What goes up, they say, must come down. And for a piston in a combustion engine, that's certainly true. But does it actually need to come down the same distance as it originally rose?
It's another sticking point with the basic layout of a combustion engine. During the intake stroke, the amount of fuel and air drawn in must be at a particular ratio - 14.7:1 - and it must be compressed the right amount to make it burn efficiently (anything up to around 14:1 compression ratio, but normally nearer 10:1).
The problem is that the fuel-air mixture when it burns, can actually expand much more, creating valuable power. Conventional engines simply can't use this extra expansion; once the piston reaches the bottom of its power stroke, any further expansion of the gases inside must be got ride of through the exhaust valve. But, with a clever crankshaft and con-rod arrangement, it's actually possible to create an engine that has a power stroke that's longer than its intake stroke.

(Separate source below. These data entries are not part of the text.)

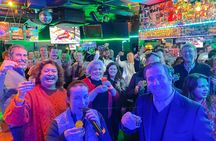 Discover Tokyo’s Hidden Food & Drink Neighborhoods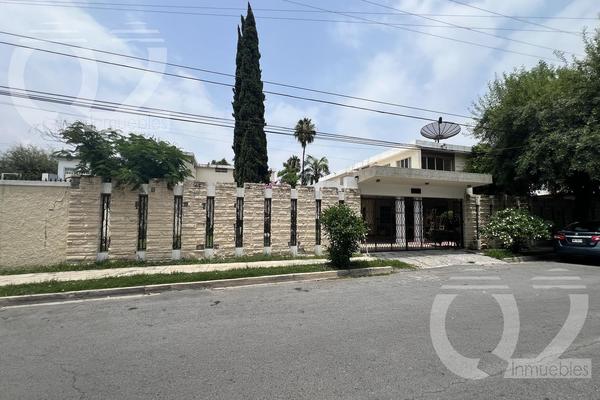 Foto de inmueble en  , Col. Roma C.P. 64700, Monterrey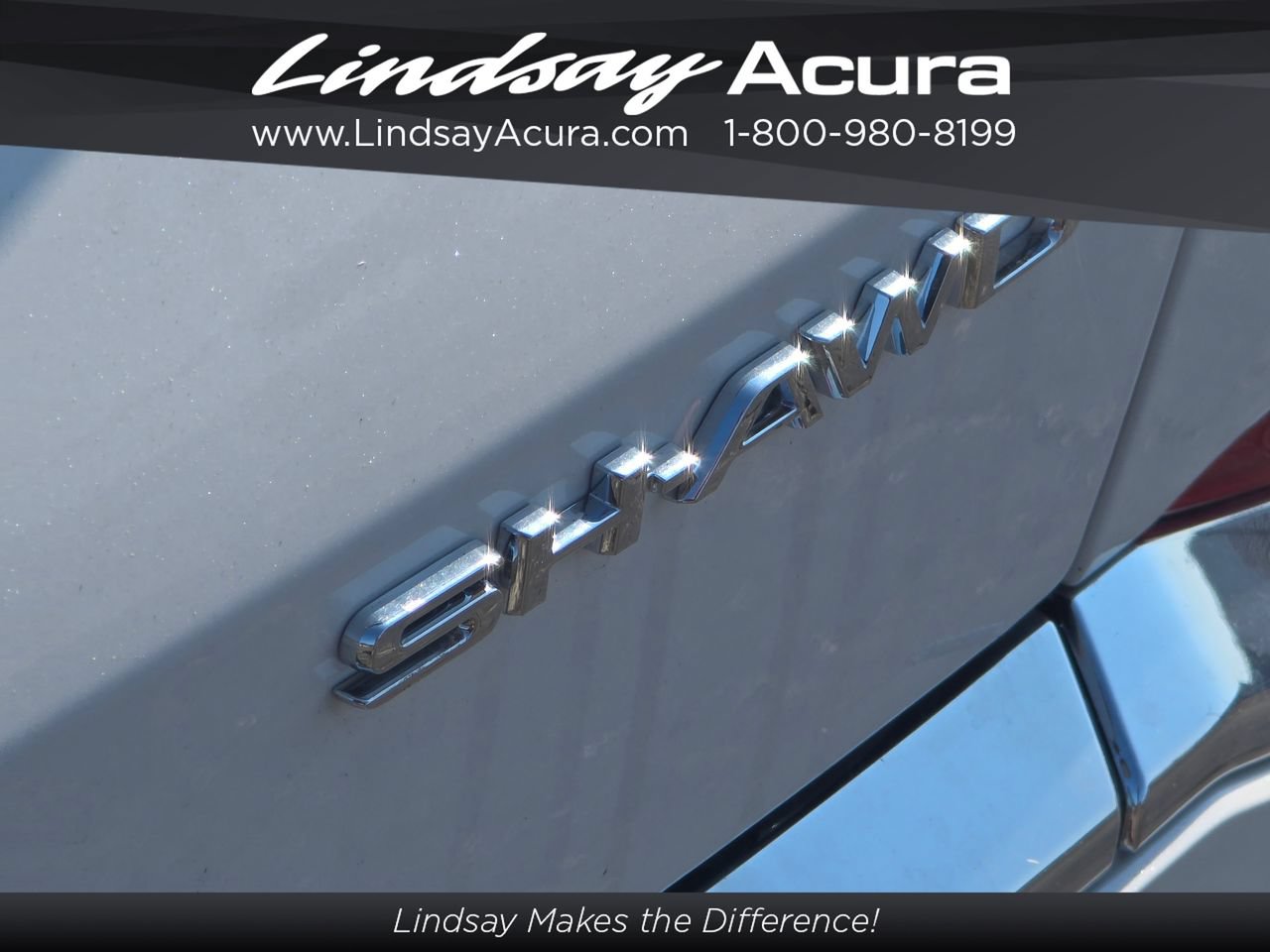 New 2026 Acura MDX SH-AWD image 7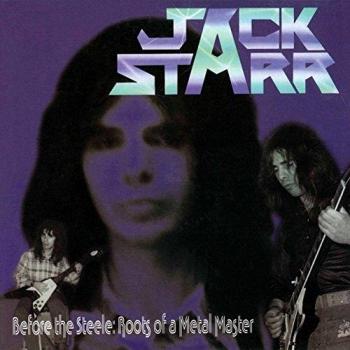 Before the Steel: Origins of a Metal Master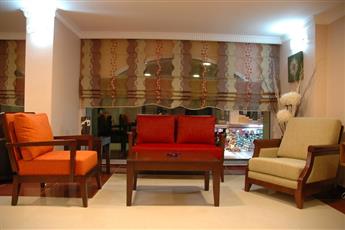 Alkan Hotel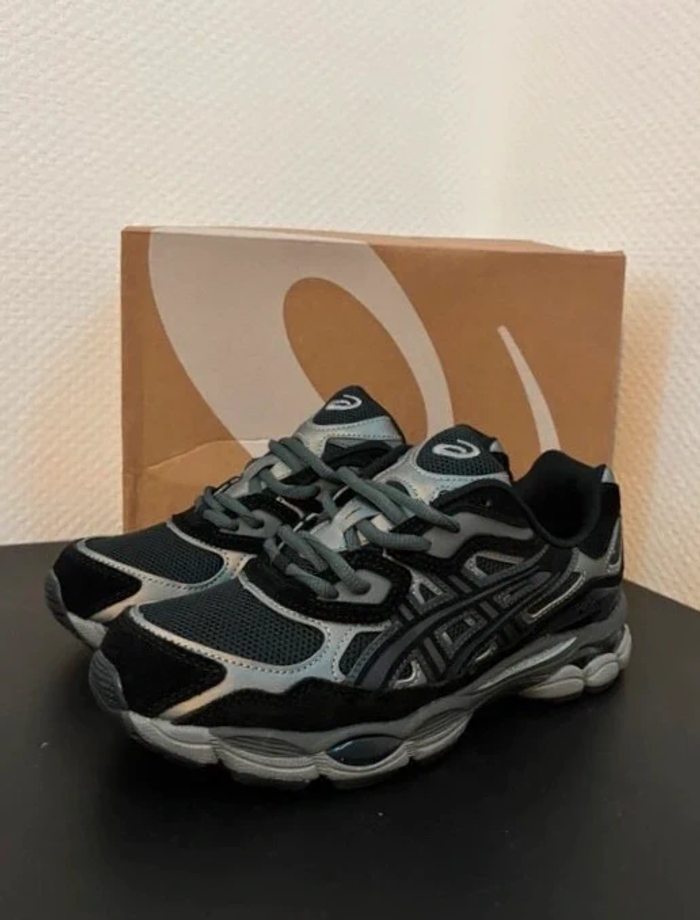 Asics Gel-NYC Noir 41.5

Honda is just one of the companies working on this new engine arrangement, using a secondary shaft, turning at half engine speed, connected to the lower part of a two-piece con-rod, its movement means that during the intake and compression strokes, the piston travels only a relatively small distance, but then moves much further during the power and exhaust strokes. Effectively, it creates a combustion engine that that has a small capacity when it's drawing fuel in, but a large capacity when it's pumping power out.
Honda's prototype engine – an air-cooled single cylinder – has an intake capacity of 135cc but an expansion capacity of 203cc, a 50 percent increase. On a motorcycle, that would equate to a four-cylinder engine that's 540cc during intake, but 812cc during the power stroke.
Pumping losses are reduced, as is friction, because the piston doesn't travel as far as it would in a conventional engine. The prototype engine has shown Honda that in the near future they can improve fuel efficiency well past 20 percent without sacrificing raw engine power performance.